━━━ Dataset records
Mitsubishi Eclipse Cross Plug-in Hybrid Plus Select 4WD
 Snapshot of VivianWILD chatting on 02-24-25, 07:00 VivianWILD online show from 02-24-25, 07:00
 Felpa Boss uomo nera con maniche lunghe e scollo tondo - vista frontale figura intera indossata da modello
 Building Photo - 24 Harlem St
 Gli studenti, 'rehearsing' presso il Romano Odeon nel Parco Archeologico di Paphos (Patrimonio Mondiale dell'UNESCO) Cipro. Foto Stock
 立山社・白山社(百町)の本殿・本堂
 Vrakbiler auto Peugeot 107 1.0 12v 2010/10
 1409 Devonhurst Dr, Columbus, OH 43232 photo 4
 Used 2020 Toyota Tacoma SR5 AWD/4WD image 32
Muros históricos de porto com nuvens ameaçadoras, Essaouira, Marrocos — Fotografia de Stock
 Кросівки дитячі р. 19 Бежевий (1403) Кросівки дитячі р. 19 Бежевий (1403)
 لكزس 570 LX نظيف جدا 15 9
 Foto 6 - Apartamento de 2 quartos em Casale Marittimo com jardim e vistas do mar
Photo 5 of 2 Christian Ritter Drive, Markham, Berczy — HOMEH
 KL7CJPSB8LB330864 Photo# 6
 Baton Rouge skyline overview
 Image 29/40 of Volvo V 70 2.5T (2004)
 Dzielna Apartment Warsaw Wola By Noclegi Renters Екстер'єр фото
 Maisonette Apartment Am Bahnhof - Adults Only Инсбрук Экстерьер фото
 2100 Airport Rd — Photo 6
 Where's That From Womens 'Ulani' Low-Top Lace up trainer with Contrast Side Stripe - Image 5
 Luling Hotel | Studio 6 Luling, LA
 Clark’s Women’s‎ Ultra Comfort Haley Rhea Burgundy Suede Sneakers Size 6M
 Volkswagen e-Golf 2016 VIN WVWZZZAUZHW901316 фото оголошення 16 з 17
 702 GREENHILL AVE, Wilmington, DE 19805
━━━━━━
§ **What you need to do**
Search the listing above for the lines with "Muros históricos de" and "2100 Airport Rd — Photo 6", then output those lines and all lines between them exactly.

§ **Response area**
Muros históricos de porto com nuvens ameaçadoras, Essaouira, Marrocos — Fotografia de Stock
 Кросівки дитячі р. 19 Бежевий (1403) Кросівки дитячі р. 19 Бежевий (1403)
 لكزس 570 LX نظيف جدا 15 9
 Foto 6 - Apartamento de 2 quartos em Casale Marittimo com jardim e vistas do mar
Photo 5 of 2 Christian Ritter Drive, Markham, Berczy — HOMEH
 KL7CJPSB8LB330864 Photo# 6
 Baton Rouge skyline overview
 Image 29/40 of Volvo V 70 2.5T (2004)
 Dzielna Apartment Warsaw Wola By Noclegi Renters Екстер'єр фото
 Maisonette Apartment Am Bahnhof - Adults Only Инсбрук Экстерьер фото
 2100 Airport Rd — Photo 6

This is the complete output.